Thanks, I wanted to be sure. Doesn’t seem to add up exactly
I think you are reading it backwards. So, yellow-violet-green would be 4.7 Mohms. Not likely to fry under almost any condition unless dielectric breakdown occurred. Are you sure the middle band is green and not black?
 

GopherT

Joined Nov 23, 2012
8,009
Sorry colors are
Yellow gold green violet Yellow

Thanks, I wanted to be sure. Doesn’t seem to add up exactly
I think you are reading it backwards. So, yellow-violet-green would be 4.7 Mohms. Not likely to fry under almost any condition unless dielectric breakdown occurred. Are you sure the middle band is green and not black?
If green, and a 5 band resistor, then
Yellow. 4
Violet. 7
Green. 5
Gold. X0.1 multiplier
Yellow +/- 4% tolerance.

I would say 47.5 ohms.



If black, it would be 47.0 ohms.


Yellow is not a common tolerance band but, it is old looking and may have been popular at one time.
 

Thread Starter

Clytle374

Joined Sep 21, 2015
4
Well I feel a lot better now that it is a little confusing. The middle band has a green tent and looks like it cooked darker. But .5 Ohms seems unlikely and pointless so maybe the heat, or age added the green tent.

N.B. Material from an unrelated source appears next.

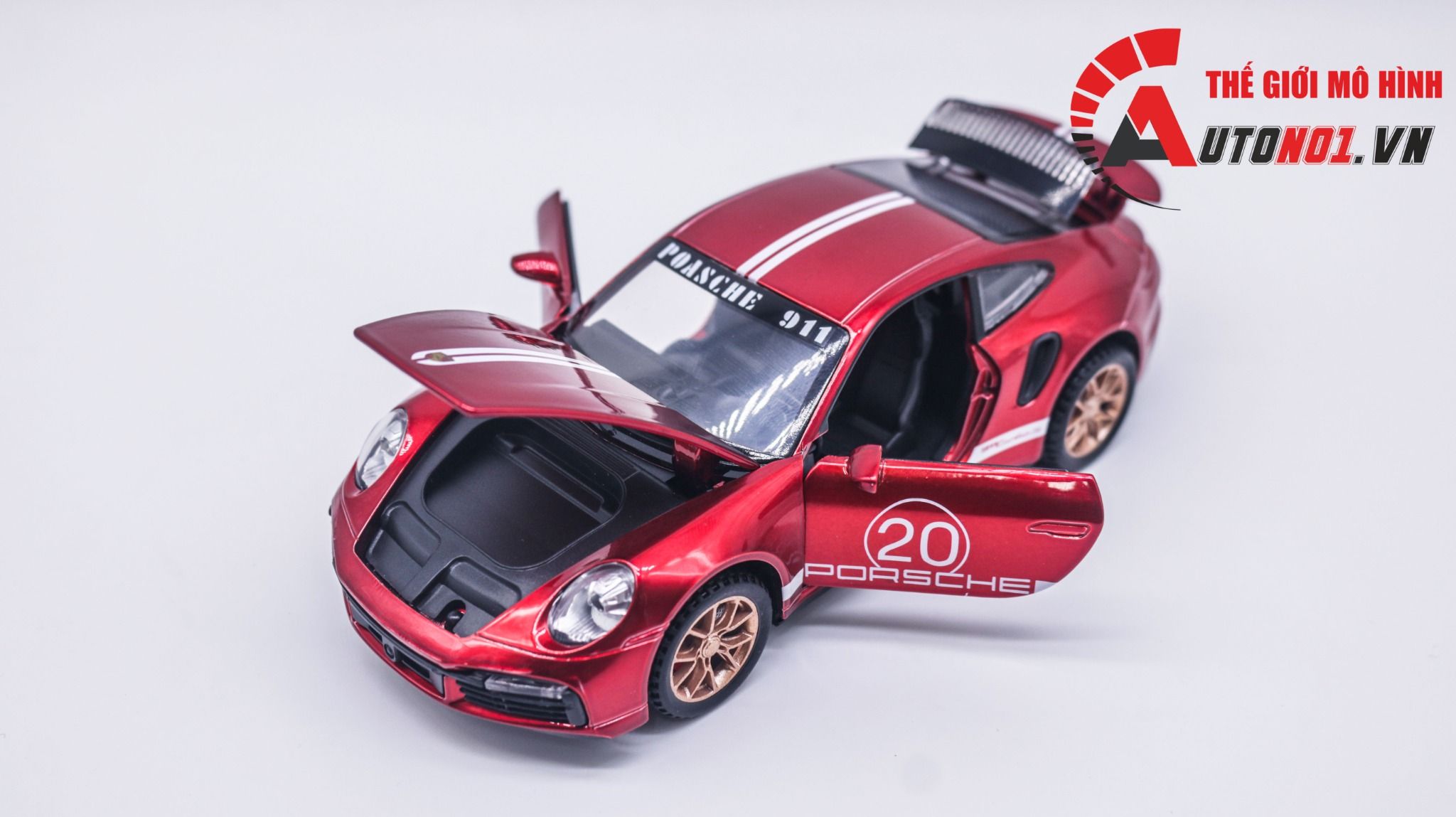 Mô hình xe Porsche 911 Turbo S full open , có đèn và âm thanh tỉ lệ 1:32 Miniauto OT32035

It is from the 70s I think. Someone replaced a wire on a pot, and allowed it to short to ground. I will go with 47 ohms and then start with a large value pot and see what happens... No schematics or parts are available for it.

Thanks
Cory
 

#12

Joined Nov 30, 2010
18,224
How many ohms in the pot?
(Placing 47 ohms in series with a 100k pot simply doesn't make sense.)
With a 2 watt rating, we would assume the resistor uses up most of the voltage because most pots are about 1/2 watt.
Assuming the resistor really needed to dissipate one watt, the pot should be vaguely 20% of the total resistance in that circuit.

Not a real answer, but a method to "ballpark" the value.
 

Thread Starter

Clytle374

Joined Sep 21, 2015
4
Well the pot is burnt up and is old enough that the pot manufacturer doesn't have records of it. There are several things tied together at the control panel, and honestly the resistor being in line with the pot was just a guess.